Brazil's Telco Results Show Brighter Wireless Outlook

SAO PAULO -(Dow Jones)- Fourth-quarter results reflected an improvement in the outlook for Brazil's wireless operators, while integrated operators showed solid but uninspiring results.

For cellular services companies, higher revenues and margins in the fourth quarter were the fruit of a collective decision to shift attention from subscription growth to attracting and retaining mid- and high-end users, analysts said.

"While the competitive environment remains pretty tough, more rational competition (among the wireless firms) already appears to have had a positive effect," said Luciana Leocadio, analyst at BES Securities.
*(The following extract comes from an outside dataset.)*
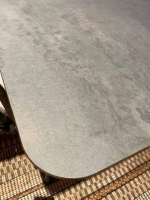 Eigene Herstellung - Varaschin  / Essgruppe Tisch Elisse HPL mit 4er-Set Stuhl Emma Stoff Grau Nero - 7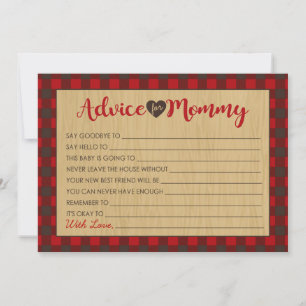 Lumberjack Red Flannel Baby Shower Advice Cards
Over the last few years, Christmas has been a time of big discounts on mobile handsets for pre-paid customers, who tend to come from the lower end of the income scale. But the main operators didn't indulge in heavy undercutting last year and, as a result, December net additions subsided to 3.85 million compared with 4.41 million the year before.

Telecom Italia's Brazilian subsidiary Tim Participacoes remained the top performer, showing the biggest gains in market share, revenues and earnings before interest, depreciation, taxes and amortization, Vera Rossi of Morgan Stanley, said in a report.
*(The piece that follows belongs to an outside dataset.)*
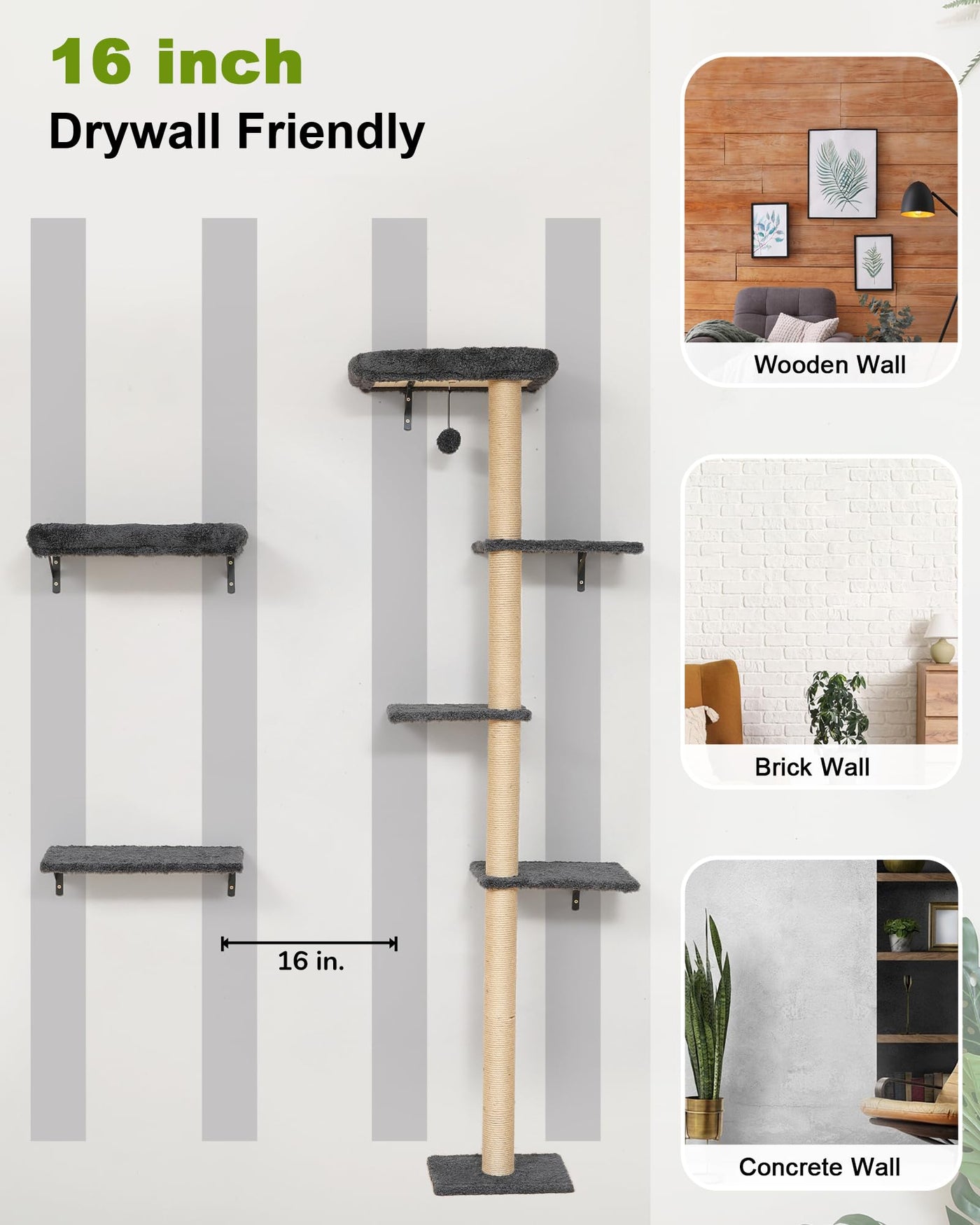 Cat Wall Shelves - 3-in-1 Wooden Wall Mounted Furniture Set with Scratching Post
The company registered higher-than-expected fourth quarter profits of 145 million Brazilian reals ($65.0 million), up 74% on the year before.

The results for Vivo, Brazil's largest mobile telephone operator, were the main disappointment as the company continued to encounter problems with network fraud issues. Vivo's main unit, Telesp Celular Participacoes, registered a net loss of BRL318 million, wider than the BRL235 million in the same period one year before.
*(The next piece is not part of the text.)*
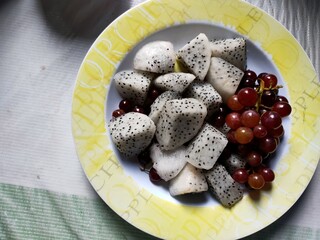 chocolate cake with fruits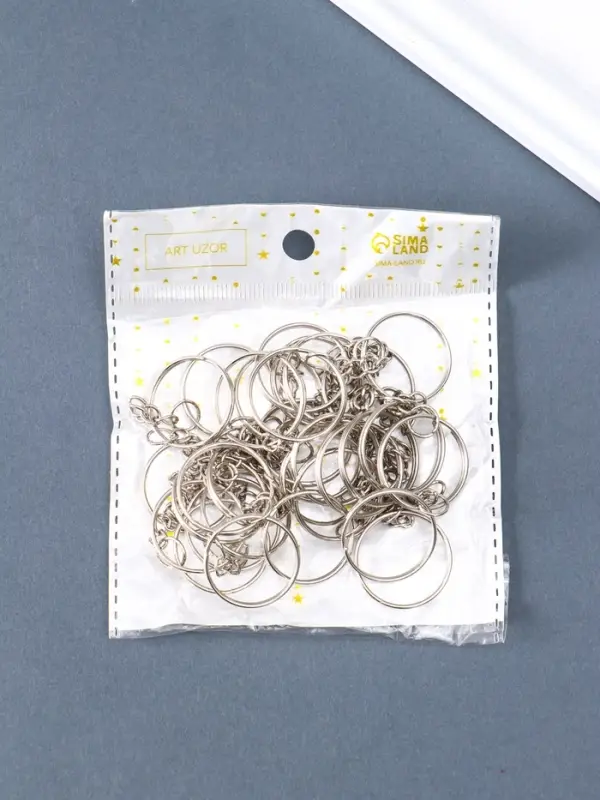 Основа для брелока кольцо металл с цепочкой серебро набор 50 шт 2,4х2,4 см Основа для брелока кольцо металл с цепочкой серебро набор 50 шт 2,4х2,4 см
Integrated fixed-line and wireless firms Brasil Telecom and Tele Norte Leste Participacoes, or Telemar, were the most aggressive in the wireless market during the fourth quarter, as they tried to establish larger subscriber bases.

But while diversification is obviously the way forward for fixed-line companies that are seeing their core business erode, their attempts at growth are fragmenting the industry, analysts said.

There are currently four wireless operators in most of the main local markets, which analysts say is too many.

Consolidation is likely in the next 12 to 18 months, according to Morgan Stanley's Rossi.

The big question is what form will consolidation take?

Rumors continue to circulate that Telecom Italia will take over Brasil Telecom, while Telemar remains in the control of institutional investors and could be sold to a competitor in the wireless sector, said Rogerio Tostes, analyst at the local Safra brokerage.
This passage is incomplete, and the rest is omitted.